Leaving out the pictures, print exactly the lines from the one holding "New Laptop Acer" to the last line of the entries below, both included, and nothing more.

== == ==

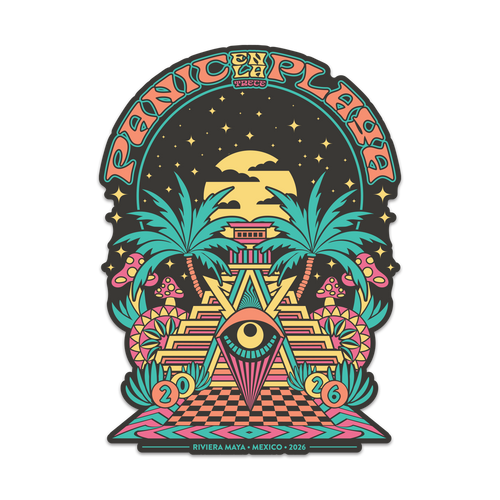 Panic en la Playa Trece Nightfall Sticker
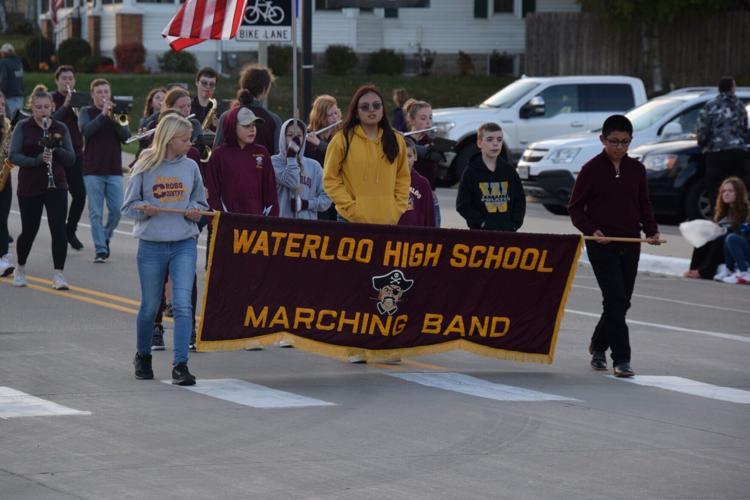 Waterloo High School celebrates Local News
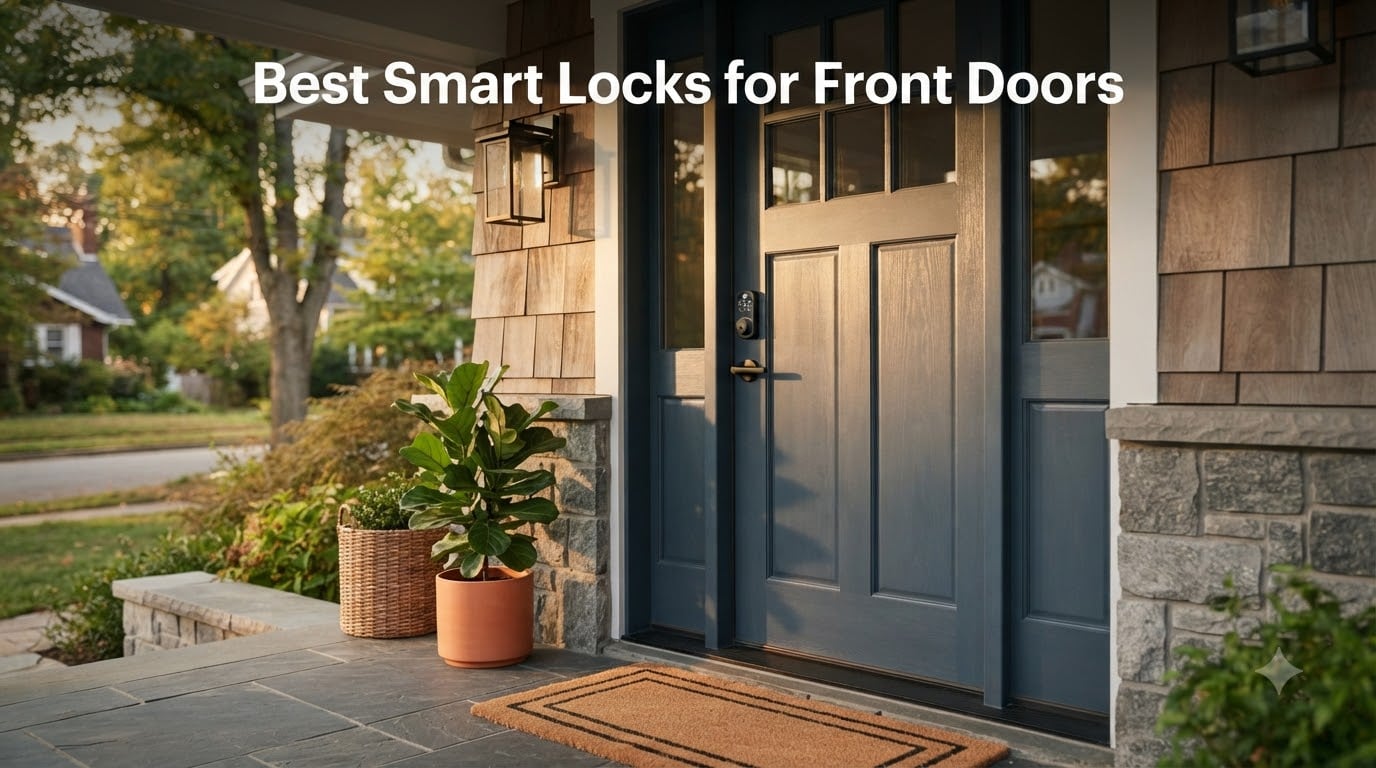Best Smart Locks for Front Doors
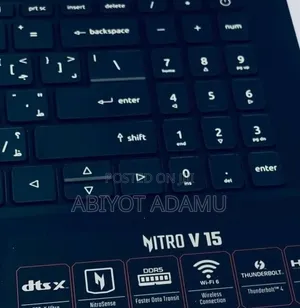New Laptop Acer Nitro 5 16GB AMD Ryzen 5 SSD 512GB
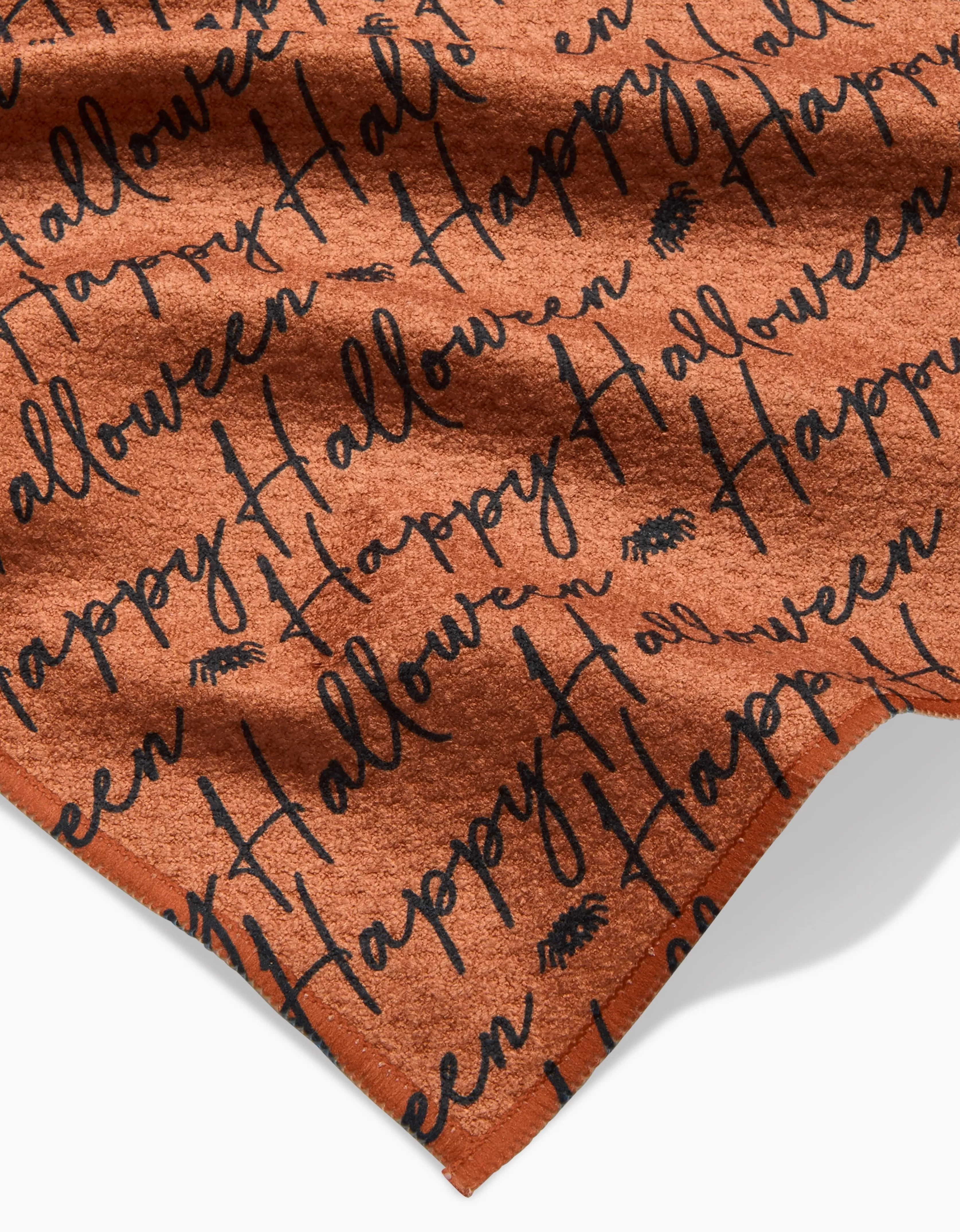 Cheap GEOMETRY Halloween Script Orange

== == ==

** Result for this task **
New Laptop Acer Nitro 5 16GB AMD Ryzen 5 SSD 512GB
 Cheap GEOMETRY Halloween Script Orange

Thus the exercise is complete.